**Information supplied:**
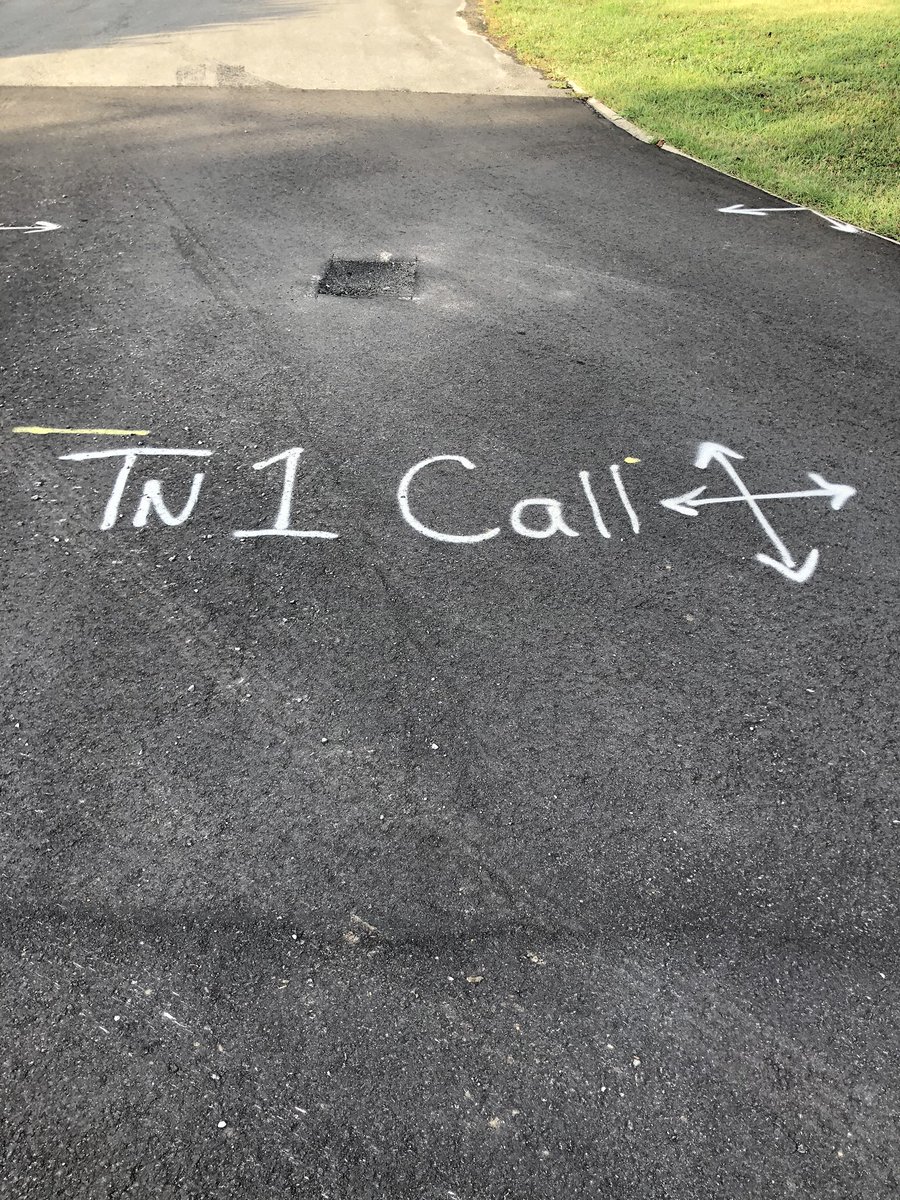 TennesseePUC's tweet photo. Always good to see markers like this! Remember: call 811 before digging! @Tennessee811 #callbeforeyoudig #digsafety https://t.co/4nRNhBiPoC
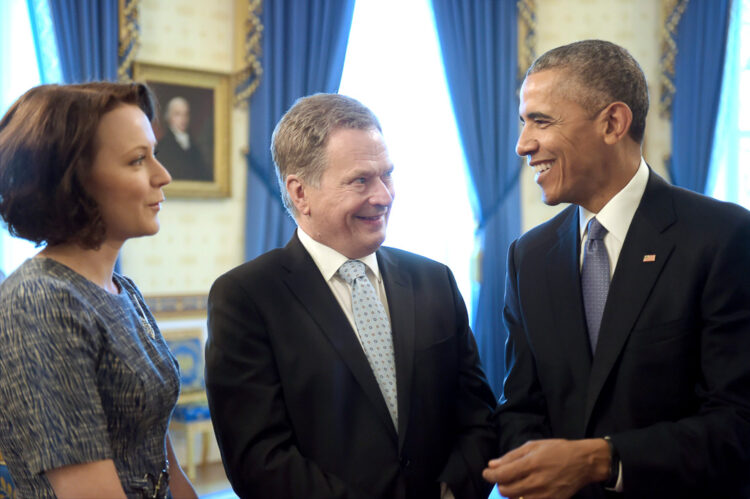 Presidentti Obama keskusteluissa presidentti Niinistön ja rouva Haukion kanssa Valkoisessa talossa. Kuva: Lehtikuva/Tasavallan presidentin kanslia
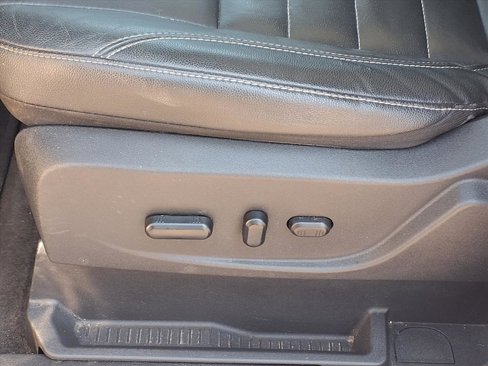 Used 2013 Ford C-MAX SEL image 4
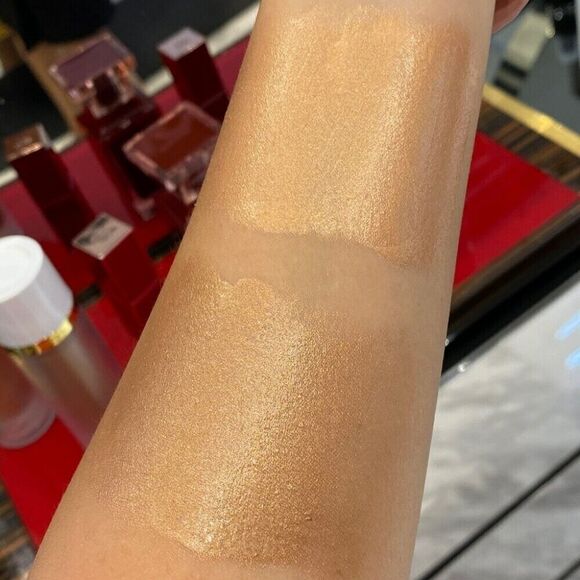 Tom Ford Soleil Face and Body Illuminizer 03 Bronze - Picture 6 of 12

**Task to carry out:** From the line containing "Used 2013 Ford C-MAX SEL image 4" down to the last line of the data, print every line exactly and nothing else. Pictures stay out of the copy.

**Answer section:**
 Used 2013 Ford C-MAX SEL image 4
 Tom Ford Soleil Face and Body Illuminizer 03 Bronze - Picture 6 of 12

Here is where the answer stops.